Arriving in Cusco, after a horrific bus ride that involved a small crash with an oncoming vehicle, we were in need of another rest day. It is definitely easier to ride the bike rather than take these stupid busses but time restraints often dictate the need. Maybe we should just get faster?!
Cusco came as somewhat of a culture shock, for the whole two and a half months we have been in Peru we have rarely strayed into a major tourist hub other then Huaraz, Cusco was a different ball game though, there were so many white people it was unnerving. I was constantly shocked to hear English been spoken, and often forgot that the locals had a pretty good grasp of the language as well. With our fill of good food, and a day to get over the bus ride, it was time to get down to the main event, being in Cusco meant that we were close to Machu Picchu, something you can’t come to Peru and not see. Not wanting to just take the normal route, or the hugely overpriced Inca Trail, we opted for what I thought was going to be a quieter option and attempted the Salkantay trek. I had heard amazing things about this trek before we even arrived in South America and it is something I have been looking forward to doing.

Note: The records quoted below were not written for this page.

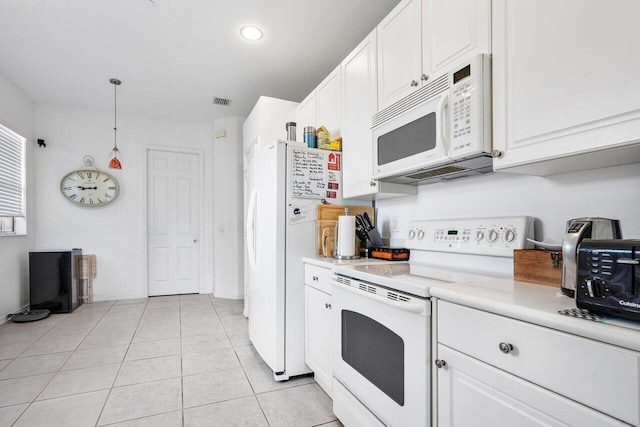 kitchen featuring white cabinets, pendant lighting, white appliances, and light tile patterned flooring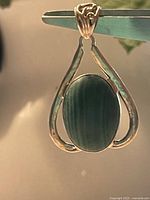 Close-up front view of large oval green gemstone pendant with sterling silver setting.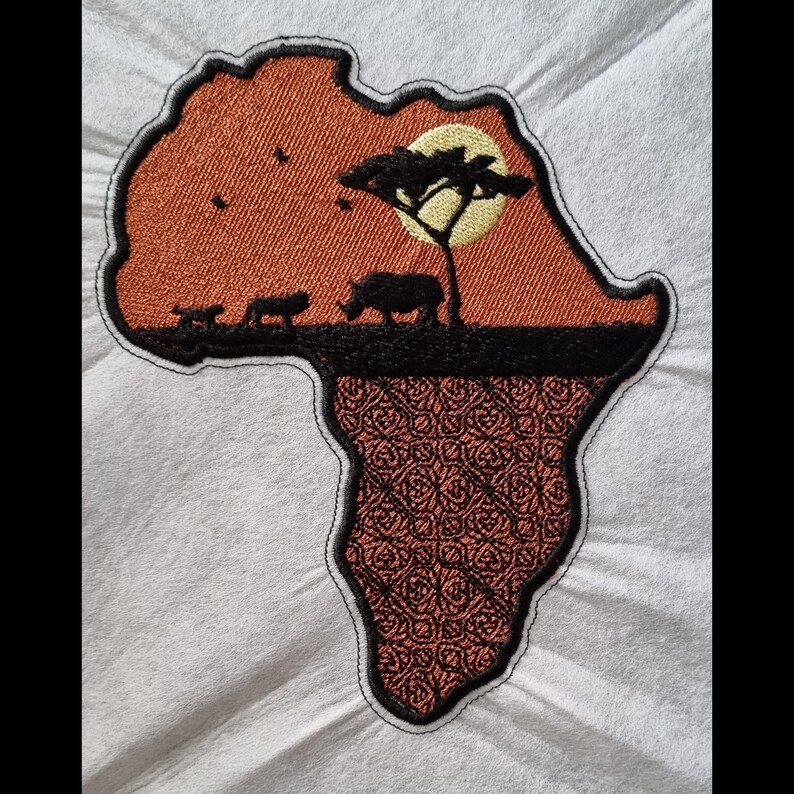 May include: An embroidered patch shaped like the continent of Africa. The patch is orange with a black outline and features a silhouette of a rhino, two lions, a tree, and a yellow sun. The bottom of the patch is a brown and black patterned design.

We opted to go self guided and trawled the internet to find information on how to get to the start of the trek, the tourist information companies here were adamant that we couldn’t get there without going on one of their tours.

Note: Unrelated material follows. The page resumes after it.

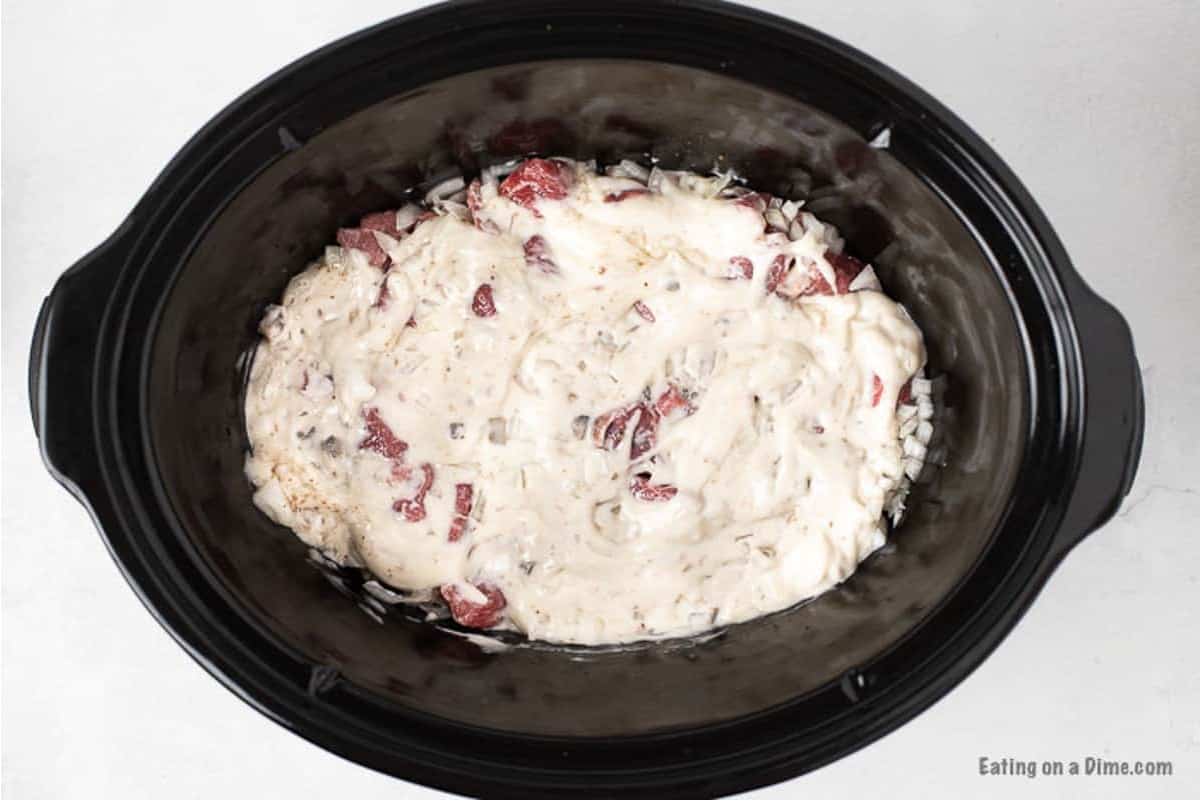 Topping the stew meat with the additional ingredients in the slow cooker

A little more research showed that we could get a collectivo easily enough; the only problem was that we would have to be getting up at 4am to catch it; this didn’t bode well as Jess doesn’t do well with early mornings!!
We managed to get to the start of the trek with little fuss except for the fact that as soon as we locked the door behind us I realised I had forgotten my wallet. Jess was less than impressed!

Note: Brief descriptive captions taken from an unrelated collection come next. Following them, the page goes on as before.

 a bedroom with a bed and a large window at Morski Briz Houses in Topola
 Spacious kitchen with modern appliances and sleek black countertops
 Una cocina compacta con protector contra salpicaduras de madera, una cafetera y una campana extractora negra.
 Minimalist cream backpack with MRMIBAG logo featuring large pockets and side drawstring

With Jess paying my way we began the trek, not before paying an extortionate amount for 4 egg sandwiches from one of what I presume is a camp for the guided groups, looks like they don’t like self guided trekkers either! Luckily for me my wallet was tucked up in the hostel, or so I hoped anyway…
Our plan due to time restraints was to go big, 20km a day for 3 days would take us to Machu Picchu for the 4th day, perfect. Perfect until we started. It quickly became apparent that our bodies are not hiking fit, especially for carrying a heavy pack. By the time we hit the 10km marker we were struggling, already I could feel the bruises developing on my hips and shoulders. What didn’t help were the hundreds of people on a guided trek ambling by with their tiny daypacks.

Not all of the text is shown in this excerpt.